GREEN That was a new turn in this iteration. Early on he refers to being “duped” by the church as a child, and basically threatened into a lifelong submission to an unloving institution, yet after taking us through all the terrible contradictions of his childhood in the central New Jersey town of Freehold — that two-syllable oxymoron — and the more rewarding ones of a life in rock, he offers, at 71, in the church’s own words, what can only be called a benediction. I’m not even Roman Catholic and I felt forgiven for my trespasses.
ZOLADZ You mentioned earlier the change in the closing number: Instead of “Born to Run,” it’s “I’ll See You in My Dreams,” from his most recent record. He still opens with the wide-eyed “Growing Up,” the second track off his 1973 debut album. And while the set list doesn’t run exactly chronologically, this change underscores the fact that we’re watching not only a character’s coming-of-age, but the long evolution of a songwriter learning how to chronicle his inner experience and the world around him. The show’s bare-bones arrangements allow him to crack these songs open and find new riches inside even the most familiar tunes. I must have heard “Thunder Road” a thousand times in my life — at the risk of sounding basic, it’s probably my favorite Bruce song — but I don’t think it’s ever moved me quite as deeply as it did last night, hearing such a stripped-down rendition that focused on the wistfulness of its lyricism.
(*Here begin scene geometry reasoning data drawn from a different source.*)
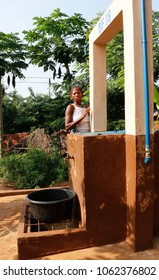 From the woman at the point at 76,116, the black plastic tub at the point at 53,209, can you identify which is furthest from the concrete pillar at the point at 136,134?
the woman at the point at 76,116

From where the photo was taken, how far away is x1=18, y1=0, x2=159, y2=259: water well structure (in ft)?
9.68

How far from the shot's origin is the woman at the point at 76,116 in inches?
165

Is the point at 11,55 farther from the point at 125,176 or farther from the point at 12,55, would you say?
the point at 125,176

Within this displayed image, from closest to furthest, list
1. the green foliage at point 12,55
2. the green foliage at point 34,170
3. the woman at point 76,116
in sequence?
1. the woman at point 76,116
2. the green foliage at point 34,170
3. the green foliage at point 12,55

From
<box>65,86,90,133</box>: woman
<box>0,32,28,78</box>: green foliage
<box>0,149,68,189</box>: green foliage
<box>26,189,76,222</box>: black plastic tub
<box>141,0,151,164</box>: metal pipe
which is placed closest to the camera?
<box>141,0,151,164</box>: metal pipe

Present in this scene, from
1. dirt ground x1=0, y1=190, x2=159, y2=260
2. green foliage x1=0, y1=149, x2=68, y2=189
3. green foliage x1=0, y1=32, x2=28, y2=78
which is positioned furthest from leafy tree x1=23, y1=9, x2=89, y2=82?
dirt ground x1=0, y1=190, x2=159, y2=260

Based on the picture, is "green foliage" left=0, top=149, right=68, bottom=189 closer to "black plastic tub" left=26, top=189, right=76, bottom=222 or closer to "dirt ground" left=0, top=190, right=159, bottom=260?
"dirt ground" left=0, top=190, right=159, bottom=260

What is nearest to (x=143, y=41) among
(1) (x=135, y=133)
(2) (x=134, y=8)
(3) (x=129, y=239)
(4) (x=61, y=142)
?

GREEN Cracking open his songs, he’s cracking open himself, and in the process showing us how many lives we each contain. I thought of that when entering the St. James, where anti-vaccination protesters have been demonstrating against the theater’s requirement that all audience members be completely immunized. The protesters might be happy to know that almost no one inside wore a mask — except, in a way, Springsteen, whose mask, if it ever comes off, merely reveals another and another.